You are viewing a plain text version of this content. The canonical link for it is here.
Posted to dev@lucene.apache.org by Wolfgang Hoschek <wh...@lbl.gov> on 2005/05/19 07:23:32 UTC
Add Term.createTerm to avoid 99% of String.intern() calls
For the MemoryIndex, I'm seeing large performance overheads due to
repetitive temporary string interning of o.a.l.index.Term.
For example, consider a FuzzyTermQuery or similar, scanning all terms
via TermEnum in the index: 40% of the time is spent in String.intern
() of new Term(). [Allocating temporary memory and
FuzzyTermEnum.termCompare are less of a problem according to profiling].
Note that the field name would only need to be interned once, not
time and again for each term. But the non-iterning Term constructor
is private and hence not accessible from o.a.l.index.memory.*.
TermBuffer isn't what I'm looking for, and it's private anyway.
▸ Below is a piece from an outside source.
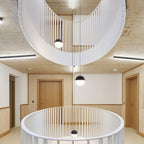 Clérachic sphere pendants hang down a stairwell with curved white balustrades and pale timber walls, seen from above.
The
best solution I came up with is to have an additional safe public
method in Term.java:
/** Constructs a term with the given text and the same interned
field name as
* this term (minimizes interning overhead). */
public Term createTerm(String txt) { // WH
return new Term(field, txt, false);
}
Besides dramatically improving performance, this has the benefit of
keeping the non-interning constructor private.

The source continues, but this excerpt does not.